**Your assignment:**
All of the entries are to be restated word for word.

**Dataset excerpts:**
● ● ● ● ●
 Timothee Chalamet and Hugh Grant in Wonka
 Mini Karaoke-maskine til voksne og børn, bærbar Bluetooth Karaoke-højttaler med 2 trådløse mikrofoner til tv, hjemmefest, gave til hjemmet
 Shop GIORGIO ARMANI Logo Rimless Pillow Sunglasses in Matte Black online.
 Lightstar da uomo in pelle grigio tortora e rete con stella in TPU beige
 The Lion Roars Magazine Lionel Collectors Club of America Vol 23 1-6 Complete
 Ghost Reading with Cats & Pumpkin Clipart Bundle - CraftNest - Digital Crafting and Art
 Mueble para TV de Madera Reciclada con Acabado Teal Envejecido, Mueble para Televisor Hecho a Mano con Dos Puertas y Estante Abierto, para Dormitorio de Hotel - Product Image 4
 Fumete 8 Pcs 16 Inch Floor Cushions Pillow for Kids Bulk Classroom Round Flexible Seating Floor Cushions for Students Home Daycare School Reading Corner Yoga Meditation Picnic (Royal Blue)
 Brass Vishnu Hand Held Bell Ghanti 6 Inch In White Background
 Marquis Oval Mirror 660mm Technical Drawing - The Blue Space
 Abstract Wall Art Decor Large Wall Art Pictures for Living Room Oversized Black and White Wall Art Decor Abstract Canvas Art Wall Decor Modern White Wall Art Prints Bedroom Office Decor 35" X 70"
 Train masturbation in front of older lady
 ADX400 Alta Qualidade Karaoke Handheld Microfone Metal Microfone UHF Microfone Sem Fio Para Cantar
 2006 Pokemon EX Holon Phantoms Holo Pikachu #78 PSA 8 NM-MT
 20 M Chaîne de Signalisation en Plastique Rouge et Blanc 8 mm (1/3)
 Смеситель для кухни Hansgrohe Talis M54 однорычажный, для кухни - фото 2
● ● ● ● ●
**Written answer:**
 Timothee Chalamet and Hugh Grant in Wonka
 Mini Karaoke-maskine til voksne og børn, bærbar Bluetooth Karaoke-højttaler med 2 trådløse mikrofoner til tv, hjemmefest, gave til hjemmet
 Shop GIORGIO ARMANI Logo Rimless Pillow Sunglasses in Matte Black online.
 Lightstar da uomo in pelle grigio tortora e rete con stella in TPU beige
 The Lion Roars Magazine Lionel Collectors Club of America Vol 23 1-6 Complete
 Ghost Reading with Cats & Pumpkin Clipart Bundle - CraftNest - Digital Crafting and Art
 Mueble para TV de Madera Reciclada con Acabado Teal Envejecido, Mueble para Televisor Hecho a Mano con Dos Puertas y Estante Abierto, para Dormitorio de Hotel - Product Image 4
 Fumete 8 Pcs 16 Inch Floor Cushions Pillow for Kids Bulk Classroom Round Flexible Seating Floor Cushions for Students Home Daycare School Reading Corner Yoga Meditation Picnic (Royal Blue)
 Brass Vishnu Hand Held Bell Ghanti 6 Inch In White Background
 Marquis Oval Mirror 660mm Technical Drawing - The Blue Space
 Abstract Wall Art Decor Large Wall Art Pictures for Living Room Oversized Black and White Wall Art Decor Abstract Canvas Art Wall Decor Modern White Wall Art Prints Bedroom Office Decor 35" X 70"
 Train masturbation in front of older lady
 ADX400 Alta Qualidade Karaoke Handheld Microfone Metal Microfone UHF Microfone Sem Fio Para Cantar
 2006 Pokemon EX Holon Phantoms Holo Pikachu #78 PSA 8 NM-MT
 20 M Chaîne de Signalisation en Plastique Rouge et Blanc 8 mm (1/3)
 Смеситель для кухни Hansgrohe Talis M54 однорычажный, для кухни - фото 2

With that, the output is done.